* **Task description**
The entries below contain pictures. Write out only the lines from the line with "Sandrine Kiberlain feet photo 2" up to and including the line with "Como criar um", exactly, without them.

* **Entries shown**
######

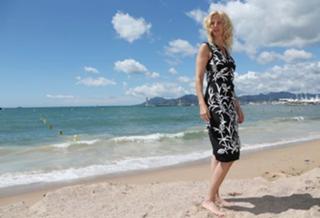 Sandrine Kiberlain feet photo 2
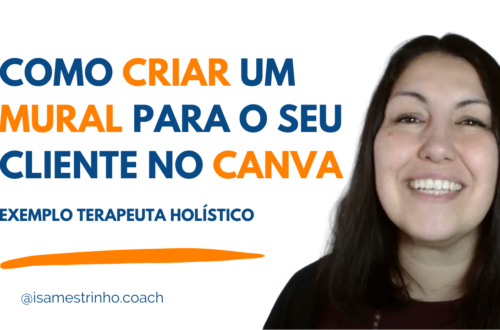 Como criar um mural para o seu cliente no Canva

######

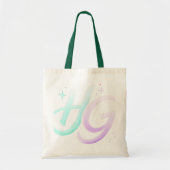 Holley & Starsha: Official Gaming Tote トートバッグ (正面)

######

* **Response box**
 Sandrine Kiberlain feet photo 2
 Como criar um mural para o seu cliente no Canva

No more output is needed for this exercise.